Saved entries
━━━━

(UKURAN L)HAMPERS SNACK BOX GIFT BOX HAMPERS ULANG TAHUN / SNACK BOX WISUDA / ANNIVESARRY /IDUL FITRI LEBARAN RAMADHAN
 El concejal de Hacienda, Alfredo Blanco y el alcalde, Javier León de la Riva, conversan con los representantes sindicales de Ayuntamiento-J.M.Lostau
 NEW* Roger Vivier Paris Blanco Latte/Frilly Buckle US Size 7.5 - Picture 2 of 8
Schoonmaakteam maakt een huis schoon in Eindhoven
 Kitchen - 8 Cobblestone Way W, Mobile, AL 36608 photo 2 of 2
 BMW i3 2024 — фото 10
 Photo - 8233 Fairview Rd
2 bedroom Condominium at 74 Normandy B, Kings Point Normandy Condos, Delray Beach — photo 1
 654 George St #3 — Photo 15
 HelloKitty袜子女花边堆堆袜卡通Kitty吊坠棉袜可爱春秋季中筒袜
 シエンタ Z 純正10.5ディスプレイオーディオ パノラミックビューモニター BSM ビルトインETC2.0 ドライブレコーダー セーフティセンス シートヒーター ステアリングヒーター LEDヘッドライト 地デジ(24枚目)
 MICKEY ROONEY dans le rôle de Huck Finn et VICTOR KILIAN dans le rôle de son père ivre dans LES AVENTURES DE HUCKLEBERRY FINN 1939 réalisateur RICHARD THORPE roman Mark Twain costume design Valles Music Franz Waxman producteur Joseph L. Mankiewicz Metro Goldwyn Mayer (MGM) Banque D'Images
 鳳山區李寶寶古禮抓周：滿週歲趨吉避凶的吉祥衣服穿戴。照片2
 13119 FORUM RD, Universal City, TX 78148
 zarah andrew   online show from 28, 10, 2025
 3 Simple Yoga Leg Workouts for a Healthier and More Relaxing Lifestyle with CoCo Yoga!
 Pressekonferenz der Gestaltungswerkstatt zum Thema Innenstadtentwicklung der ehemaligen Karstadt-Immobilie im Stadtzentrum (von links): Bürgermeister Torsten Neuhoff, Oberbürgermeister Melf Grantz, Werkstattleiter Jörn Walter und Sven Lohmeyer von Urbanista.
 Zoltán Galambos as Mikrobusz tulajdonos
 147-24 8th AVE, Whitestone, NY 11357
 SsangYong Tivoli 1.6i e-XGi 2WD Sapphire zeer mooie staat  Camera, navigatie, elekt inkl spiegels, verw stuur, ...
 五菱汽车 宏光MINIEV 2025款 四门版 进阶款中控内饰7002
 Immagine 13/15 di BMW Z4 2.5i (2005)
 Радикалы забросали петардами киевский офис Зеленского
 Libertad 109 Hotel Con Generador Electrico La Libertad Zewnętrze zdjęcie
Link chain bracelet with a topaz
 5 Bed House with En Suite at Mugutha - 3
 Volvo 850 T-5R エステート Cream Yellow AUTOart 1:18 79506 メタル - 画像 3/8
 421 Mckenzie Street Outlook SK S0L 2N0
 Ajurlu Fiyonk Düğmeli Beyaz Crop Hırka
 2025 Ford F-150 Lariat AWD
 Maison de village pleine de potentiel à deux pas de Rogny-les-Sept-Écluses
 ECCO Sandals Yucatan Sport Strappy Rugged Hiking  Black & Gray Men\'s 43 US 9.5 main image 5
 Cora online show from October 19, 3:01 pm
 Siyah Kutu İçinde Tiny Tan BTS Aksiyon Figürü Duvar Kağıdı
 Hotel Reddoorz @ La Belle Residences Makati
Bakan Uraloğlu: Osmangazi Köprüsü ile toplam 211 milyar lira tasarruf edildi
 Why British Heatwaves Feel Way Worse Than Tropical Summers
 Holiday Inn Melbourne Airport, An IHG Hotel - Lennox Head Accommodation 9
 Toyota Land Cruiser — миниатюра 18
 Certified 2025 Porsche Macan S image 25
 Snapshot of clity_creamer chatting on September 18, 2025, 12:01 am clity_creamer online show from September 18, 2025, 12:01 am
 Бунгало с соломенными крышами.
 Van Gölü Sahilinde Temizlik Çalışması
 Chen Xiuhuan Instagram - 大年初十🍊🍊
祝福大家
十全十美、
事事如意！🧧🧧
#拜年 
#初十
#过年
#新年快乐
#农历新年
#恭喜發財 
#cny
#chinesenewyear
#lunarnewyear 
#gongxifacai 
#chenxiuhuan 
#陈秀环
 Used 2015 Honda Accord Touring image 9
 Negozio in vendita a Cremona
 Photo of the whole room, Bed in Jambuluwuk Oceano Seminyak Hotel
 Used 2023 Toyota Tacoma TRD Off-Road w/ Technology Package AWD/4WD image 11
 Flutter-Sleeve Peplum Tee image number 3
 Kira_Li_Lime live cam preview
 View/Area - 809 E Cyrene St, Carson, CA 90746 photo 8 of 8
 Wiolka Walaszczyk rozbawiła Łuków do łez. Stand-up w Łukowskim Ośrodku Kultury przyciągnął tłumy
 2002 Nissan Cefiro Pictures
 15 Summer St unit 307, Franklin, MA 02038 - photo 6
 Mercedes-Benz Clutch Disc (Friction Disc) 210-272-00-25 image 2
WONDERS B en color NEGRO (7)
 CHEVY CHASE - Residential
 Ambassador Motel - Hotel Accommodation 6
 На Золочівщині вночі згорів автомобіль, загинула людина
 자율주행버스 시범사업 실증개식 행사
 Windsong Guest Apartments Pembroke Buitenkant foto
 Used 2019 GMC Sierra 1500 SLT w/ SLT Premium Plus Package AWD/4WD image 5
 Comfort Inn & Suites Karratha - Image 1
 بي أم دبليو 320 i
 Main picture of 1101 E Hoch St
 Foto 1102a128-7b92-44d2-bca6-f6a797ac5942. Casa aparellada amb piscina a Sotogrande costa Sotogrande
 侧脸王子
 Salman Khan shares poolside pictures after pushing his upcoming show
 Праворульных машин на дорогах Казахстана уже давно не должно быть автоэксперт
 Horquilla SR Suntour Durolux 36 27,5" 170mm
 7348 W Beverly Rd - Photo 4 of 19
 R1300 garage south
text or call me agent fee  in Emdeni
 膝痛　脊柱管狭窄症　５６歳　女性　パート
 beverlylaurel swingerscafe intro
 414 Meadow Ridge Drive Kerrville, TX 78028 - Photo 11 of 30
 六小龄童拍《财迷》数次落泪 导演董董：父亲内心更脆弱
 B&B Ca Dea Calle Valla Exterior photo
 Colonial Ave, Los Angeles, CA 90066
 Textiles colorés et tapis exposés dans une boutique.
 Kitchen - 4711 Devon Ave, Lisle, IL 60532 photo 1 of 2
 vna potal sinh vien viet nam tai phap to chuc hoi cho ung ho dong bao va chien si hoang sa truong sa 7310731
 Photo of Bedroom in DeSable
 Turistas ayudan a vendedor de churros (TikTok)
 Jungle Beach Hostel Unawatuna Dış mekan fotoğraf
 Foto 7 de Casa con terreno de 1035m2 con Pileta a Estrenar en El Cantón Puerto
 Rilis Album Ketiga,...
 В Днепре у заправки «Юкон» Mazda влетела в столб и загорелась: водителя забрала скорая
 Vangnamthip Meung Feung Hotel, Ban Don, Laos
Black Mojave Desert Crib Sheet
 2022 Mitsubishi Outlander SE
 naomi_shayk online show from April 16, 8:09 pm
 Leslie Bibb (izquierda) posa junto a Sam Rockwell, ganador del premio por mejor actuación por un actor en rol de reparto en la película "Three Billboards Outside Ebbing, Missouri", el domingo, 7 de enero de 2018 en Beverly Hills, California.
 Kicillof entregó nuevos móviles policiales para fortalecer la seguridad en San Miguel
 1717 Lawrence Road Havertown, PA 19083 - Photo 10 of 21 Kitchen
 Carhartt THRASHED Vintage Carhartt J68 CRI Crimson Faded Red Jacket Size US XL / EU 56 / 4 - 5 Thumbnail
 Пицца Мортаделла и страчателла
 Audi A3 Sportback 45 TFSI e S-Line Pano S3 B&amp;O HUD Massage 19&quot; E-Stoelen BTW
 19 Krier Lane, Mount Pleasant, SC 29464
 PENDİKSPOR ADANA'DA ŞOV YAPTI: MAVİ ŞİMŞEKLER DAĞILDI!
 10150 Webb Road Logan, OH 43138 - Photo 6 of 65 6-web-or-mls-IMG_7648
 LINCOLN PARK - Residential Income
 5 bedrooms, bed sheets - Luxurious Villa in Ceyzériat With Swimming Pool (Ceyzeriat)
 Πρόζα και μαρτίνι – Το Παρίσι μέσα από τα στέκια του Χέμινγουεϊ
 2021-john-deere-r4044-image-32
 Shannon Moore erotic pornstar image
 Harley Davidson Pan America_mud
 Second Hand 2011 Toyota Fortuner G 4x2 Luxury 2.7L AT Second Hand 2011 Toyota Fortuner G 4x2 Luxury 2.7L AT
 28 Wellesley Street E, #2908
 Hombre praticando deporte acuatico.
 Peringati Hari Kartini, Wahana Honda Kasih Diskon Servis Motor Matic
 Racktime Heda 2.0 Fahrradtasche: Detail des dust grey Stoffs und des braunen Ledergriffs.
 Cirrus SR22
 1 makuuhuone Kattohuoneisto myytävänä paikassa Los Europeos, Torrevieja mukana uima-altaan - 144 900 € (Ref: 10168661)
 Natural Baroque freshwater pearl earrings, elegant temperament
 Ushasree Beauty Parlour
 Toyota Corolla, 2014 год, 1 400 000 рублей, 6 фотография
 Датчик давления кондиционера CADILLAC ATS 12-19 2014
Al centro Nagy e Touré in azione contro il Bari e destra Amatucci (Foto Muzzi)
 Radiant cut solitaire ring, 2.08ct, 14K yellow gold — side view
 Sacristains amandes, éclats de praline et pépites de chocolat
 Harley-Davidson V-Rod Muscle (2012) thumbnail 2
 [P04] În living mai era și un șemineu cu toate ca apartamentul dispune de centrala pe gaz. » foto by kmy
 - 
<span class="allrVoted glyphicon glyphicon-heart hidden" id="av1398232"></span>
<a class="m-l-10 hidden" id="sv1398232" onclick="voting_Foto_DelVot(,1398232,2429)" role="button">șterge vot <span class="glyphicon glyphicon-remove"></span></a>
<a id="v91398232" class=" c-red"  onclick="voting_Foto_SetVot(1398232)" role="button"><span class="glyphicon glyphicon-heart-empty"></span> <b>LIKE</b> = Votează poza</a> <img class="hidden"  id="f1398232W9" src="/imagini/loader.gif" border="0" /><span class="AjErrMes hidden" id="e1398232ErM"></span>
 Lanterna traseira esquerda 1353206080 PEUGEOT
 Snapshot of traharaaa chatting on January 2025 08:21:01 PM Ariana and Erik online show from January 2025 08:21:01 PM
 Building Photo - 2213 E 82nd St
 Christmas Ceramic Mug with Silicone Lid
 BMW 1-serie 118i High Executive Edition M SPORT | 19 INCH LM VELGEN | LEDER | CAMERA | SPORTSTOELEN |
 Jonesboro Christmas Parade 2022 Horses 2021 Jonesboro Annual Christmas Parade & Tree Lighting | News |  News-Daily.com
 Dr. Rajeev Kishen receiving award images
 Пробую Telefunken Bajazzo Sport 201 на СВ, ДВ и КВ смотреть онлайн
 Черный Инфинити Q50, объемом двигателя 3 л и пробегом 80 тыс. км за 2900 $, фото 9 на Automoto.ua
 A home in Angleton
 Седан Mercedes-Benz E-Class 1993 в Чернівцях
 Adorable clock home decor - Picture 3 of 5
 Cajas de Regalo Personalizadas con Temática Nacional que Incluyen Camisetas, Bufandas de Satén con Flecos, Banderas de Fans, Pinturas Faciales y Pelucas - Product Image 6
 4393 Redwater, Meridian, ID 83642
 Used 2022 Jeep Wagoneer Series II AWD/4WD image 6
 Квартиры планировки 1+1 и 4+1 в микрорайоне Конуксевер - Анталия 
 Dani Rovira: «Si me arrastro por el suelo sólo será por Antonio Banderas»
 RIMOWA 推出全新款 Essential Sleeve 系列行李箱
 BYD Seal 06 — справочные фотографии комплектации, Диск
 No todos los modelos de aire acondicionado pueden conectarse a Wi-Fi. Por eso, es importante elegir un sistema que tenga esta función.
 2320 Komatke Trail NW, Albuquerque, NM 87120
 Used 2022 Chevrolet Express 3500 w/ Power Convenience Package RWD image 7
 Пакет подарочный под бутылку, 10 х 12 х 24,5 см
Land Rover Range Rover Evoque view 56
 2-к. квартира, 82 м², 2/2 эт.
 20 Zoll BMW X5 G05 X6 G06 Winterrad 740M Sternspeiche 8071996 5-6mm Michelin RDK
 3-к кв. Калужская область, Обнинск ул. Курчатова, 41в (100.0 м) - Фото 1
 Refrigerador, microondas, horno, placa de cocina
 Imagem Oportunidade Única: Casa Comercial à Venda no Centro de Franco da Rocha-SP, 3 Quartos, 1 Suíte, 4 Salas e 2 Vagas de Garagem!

━━━━

What to work on: Write down again, exactly as given, only the lines above that fall from the line with "Leslie Bibb (izquierda)" to the line with "Πρόζα και μαρτίνι", inclusive.

Reply:
 Leslie Bibb (izquierda) posa junto a Sam Rockwell, ganador del premio por mejor actuación por un actor en rol de reparto en la película "Three Billboards Outside Ebbing, Missouri", el domingo, 7 de enero de 2018 en Beverly Hills, California.
 Kicillof entregó nuevos móviles policiales para fortalecer la seguridad en San Miguel
 1717 Lawrence Road Havertown, PA 19083 - Photo 10 of 21 Kitchen
 Carhartt THRASHED Vintage Carhartt J68 CRI Crimson Faded Red Jacket Size US XL / EU 56 / 4 - 5 Thumbnail
 Пицца Мортаделла и страчателла
 Audi A3 Sportback 45 TFSI e S-Line Pano S3 B&amp;O HUD Massage 19&quot; E-Stoelen BTW
 19 Krier Lane, Mount Pleasant, SC 29464
 PENDİKSPOR ADANA'DA ŞOV YAPTI: MAVİ ŞİMŞEKLER DAĞILDI!
 10150 Webb Road Logan, OH 43138 - Photo 6 of 65 6-web-or-mls-IMG_7648
 LINCOLN PARK - Residential Income
 5 bedrooms, bed sheets - Luxurious Villa in Ceyzériat With Swimming Pool (Ceyzeriat)
 Πρόζα και μαρτίνι – Το Παρίσι μέσα από τα στέκια του Χέμινγουεϊ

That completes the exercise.